US Politics Analysis: The Republicans' Damaging Myth of Lower Taxes = More Employment

With just three weeks to go before America faces possible default on some of its fiscal obligations, the stances of both political parties have only become more entrenched.

Last week, President Obama finally showed some of the leadership over the issue that his critics have demanded. But his new engagement with the debt limit talks, and his desire for a long-term deal, have run headlong into the brick wall of the Republican insistence that spending cuts are the only acceptable means for cutting America's deficits. Even though virtually every moderate media observer is demanding some revenue increases as part of any meaningful deal –-- see, for example, the editorial in The Washington Post –-- and even though there is reason to doubt tax increases would be as harmful to the economy as conservatives maintain, Republicans seem prepared to hold this position to the point of breakdown.

On Saturday night, House Speaker John Boehner (R-Ohio), after several weeks of apparently productive discussions with Obama over a long-term debt-reduction deal, announced that he would be concentrating his efforts on securing a short-term solution to the problem. Citing the President's insistence that tax hikes must be included in the agreement, Boehner indicated that he would pursue a policy of cutting spending. Boehner's change of course prompted a spokesman for Senate GOP leader Mitch McConnell (R-Kentucky) to remark, "Like the Speaker, Sen. McConnell has consistently said that we should cut Washington spending without raising taxes on job creation, particularly in the middle of a jobs crisis."

Thus, once more the Republicans' standard argument that an increase in taxation, for individuals or businesses, damages job creation. Conversely, they maintain, lowering tax rates encourages consumer demand, and investment in employment increases.

At face value, this "trickle-down" theory of economics, with the idea that cutting taxes leaves companies with more more capital to invest in jobs, makes sense. The raw numbers on job creation compared to tax rates, however, suggests otherwise; especially when you look at some of the figures from the last decade when the Bush tax cuts of 2001 and 2003 were in effect.

On Friday night, CBS News noted US unemployment rose slightly to 9.2% after only 57,000 jobs were created in June (the net increase, after layoffs, was 17,000). These weak statistics, which economist Mark Zandi blamed on a stalling economy caused by high gas prices, introduced the recent history of job creation in America. The headline conclusion was: “In the 1970's, 80's and 90's, the U.S. economy created more than 18 million jobs during each decade. But from 2000 to 2007, the economy added only 7 million jobs.”

To put that stark rebuttal of the notion that tax cuts automatically stimulates new jobs into context –-- the 2003 cuts passed under the title of the Jobs and Growth Tax Relief Reconciliation Act –-- CBS quoted economist Heidi Shierholz's analysis, "The seven years before the great recession hit marked the worst business cycle we have on record as far as job creation goes."

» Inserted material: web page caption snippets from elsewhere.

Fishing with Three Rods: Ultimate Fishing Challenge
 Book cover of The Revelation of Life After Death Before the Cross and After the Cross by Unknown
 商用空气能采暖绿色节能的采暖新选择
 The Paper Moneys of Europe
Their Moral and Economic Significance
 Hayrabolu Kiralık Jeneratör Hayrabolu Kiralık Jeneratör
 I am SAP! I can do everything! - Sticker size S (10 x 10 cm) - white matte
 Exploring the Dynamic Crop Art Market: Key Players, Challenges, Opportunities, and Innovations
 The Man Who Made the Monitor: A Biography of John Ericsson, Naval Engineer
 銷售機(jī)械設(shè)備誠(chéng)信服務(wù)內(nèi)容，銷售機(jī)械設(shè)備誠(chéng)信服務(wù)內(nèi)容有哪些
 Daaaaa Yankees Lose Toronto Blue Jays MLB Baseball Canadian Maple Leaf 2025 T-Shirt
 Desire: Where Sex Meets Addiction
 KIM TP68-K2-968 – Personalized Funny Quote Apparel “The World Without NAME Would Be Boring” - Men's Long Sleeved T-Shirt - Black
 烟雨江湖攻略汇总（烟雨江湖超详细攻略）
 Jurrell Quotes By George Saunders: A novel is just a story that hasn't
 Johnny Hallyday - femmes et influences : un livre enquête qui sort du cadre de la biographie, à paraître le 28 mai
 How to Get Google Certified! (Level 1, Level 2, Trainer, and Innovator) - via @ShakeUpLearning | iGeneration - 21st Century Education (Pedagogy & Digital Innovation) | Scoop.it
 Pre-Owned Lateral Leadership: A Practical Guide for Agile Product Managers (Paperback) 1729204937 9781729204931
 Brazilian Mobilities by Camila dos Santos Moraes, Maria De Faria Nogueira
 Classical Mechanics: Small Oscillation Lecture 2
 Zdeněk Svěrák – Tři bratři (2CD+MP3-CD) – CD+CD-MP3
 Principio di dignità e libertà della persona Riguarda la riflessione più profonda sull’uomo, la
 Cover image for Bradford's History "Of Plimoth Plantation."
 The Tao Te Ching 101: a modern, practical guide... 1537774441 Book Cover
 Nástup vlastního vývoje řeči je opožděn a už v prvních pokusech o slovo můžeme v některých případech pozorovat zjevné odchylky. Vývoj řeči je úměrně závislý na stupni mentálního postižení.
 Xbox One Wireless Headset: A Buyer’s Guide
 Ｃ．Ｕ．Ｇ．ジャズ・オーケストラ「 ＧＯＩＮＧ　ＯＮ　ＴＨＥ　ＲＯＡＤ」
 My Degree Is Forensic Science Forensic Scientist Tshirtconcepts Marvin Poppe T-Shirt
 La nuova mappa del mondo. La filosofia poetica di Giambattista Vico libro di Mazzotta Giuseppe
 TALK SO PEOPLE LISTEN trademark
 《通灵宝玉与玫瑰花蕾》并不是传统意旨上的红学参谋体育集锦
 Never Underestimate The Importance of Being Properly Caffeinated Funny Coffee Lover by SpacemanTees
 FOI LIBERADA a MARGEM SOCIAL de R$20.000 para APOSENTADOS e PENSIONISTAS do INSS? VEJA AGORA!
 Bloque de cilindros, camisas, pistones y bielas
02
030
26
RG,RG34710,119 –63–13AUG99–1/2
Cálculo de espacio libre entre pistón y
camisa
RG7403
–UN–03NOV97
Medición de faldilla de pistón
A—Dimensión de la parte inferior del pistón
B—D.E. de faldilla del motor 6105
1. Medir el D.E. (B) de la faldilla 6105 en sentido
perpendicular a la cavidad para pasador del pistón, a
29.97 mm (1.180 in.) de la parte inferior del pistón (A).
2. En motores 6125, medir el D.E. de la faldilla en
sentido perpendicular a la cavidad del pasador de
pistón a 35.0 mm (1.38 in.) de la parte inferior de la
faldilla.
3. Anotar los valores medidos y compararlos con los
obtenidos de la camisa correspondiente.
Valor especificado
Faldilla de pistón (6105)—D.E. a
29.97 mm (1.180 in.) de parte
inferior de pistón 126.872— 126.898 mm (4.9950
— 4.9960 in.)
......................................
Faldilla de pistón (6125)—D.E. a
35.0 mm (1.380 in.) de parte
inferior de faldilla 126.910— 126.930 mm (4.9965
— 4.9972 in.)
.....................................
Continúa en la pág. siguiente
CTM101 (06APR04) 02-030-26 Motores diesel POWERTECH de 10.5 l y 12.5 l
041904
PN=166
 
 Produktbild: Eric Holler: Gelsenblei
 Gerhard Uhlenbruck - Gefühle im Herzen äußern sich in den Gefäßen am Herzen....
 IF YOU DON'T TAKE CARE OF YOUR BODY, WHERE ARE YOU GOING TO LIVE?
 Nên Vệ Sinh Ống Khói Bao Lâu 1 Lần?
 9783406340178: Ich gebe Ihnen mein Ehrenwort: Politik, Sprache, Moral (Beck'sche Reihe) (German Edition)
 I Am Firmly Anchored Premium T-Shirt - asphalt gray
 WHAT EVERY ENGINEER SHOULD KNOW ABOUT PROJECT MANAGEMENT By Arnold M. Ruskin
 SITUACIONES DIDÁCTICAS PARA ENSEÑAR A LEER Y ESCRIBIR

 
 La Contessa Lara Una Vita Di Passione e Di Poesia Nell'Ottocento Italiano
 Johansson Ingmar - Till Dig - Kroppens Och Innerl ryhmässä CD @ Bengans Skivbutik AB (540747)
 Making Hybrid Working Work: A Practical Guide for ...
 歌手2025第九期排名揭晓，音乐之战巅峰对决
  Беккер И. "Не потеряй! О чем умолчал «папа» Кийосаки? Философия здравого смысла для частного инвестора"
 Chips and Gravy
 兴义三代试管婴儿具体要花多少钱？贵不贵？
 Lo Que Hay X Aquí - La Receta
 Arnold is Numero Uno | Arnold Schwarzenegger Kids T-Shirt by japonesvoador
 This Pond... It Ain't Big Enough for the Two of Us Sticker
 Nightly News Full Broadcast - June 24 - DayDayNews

Last month the Center for American Progress published two "charticles" which gave an even more damning assessment. Written by Michael Linden, the Center's Director of Tax and Budget Policy, the survey of marginal income tax rates for the wealthiest since 1950 contended, "Cutting taxes for the wealthy has become conservatives’ one, and often only, response to any economic problem. Just one problem: History doesn’t bear them out. Not at all.”

Linden concluded, “Growth was actually fastest in years with relatively high top marginal tax rates....Back in the 1950s, when the top marginal tax rate was more than 90 percent, real annual growth averaged more than 4 percent. During the last eight years, when the top marginal rate was just 35 percent, real growth was less than half that.”

In a parallel article, "Rich People's Taxes Have Little To Do With Job Creation", Linden offered another claim, "In years when the top marginal rate was more than 90 percent, the average annual growth in total payroll employment was 2 percent. In years when the top marginal rate was 35 percent or less—which it is now—employment grew by an average of just 0.4 percent.”

So the years of the Bush tax cuts are not an historical anomaly. Taking into account the progressive bent of economist Paul Krugman, his description of the effect of tax cuts in the 1980s bears repeating:

 

The Reagan economy was a one-hit wonder. Yes, there was a boom in the mid-1980s, as the economy recovered from a severe recession. But while the rich got much richer, there was little sustained economic improvement for most Americans. By the late 1980s, middle-class incomes were barely higher than they had been a decade before — and the poverty rate had actually risen.

 

Martin Feldstein, a conservative professor of economics at Harvard and chairman of President Reagan's Council of Economic Advisors from 1982 to 1984, has made the case repeatedly that the deficit problem can be partially addressed by increasing tax revenues; without touching marginal income tax rates. In May, he argued in The New York Times, “Reducing the budget deficit and stopping the explosion of our national debt will require more tax revenue as well as reduced government spending,” and contended that instead of hiking tax rates “tax revenues can be increased substantially by limiting the deductions, credits and exclusions that are essentially government spending by another name.”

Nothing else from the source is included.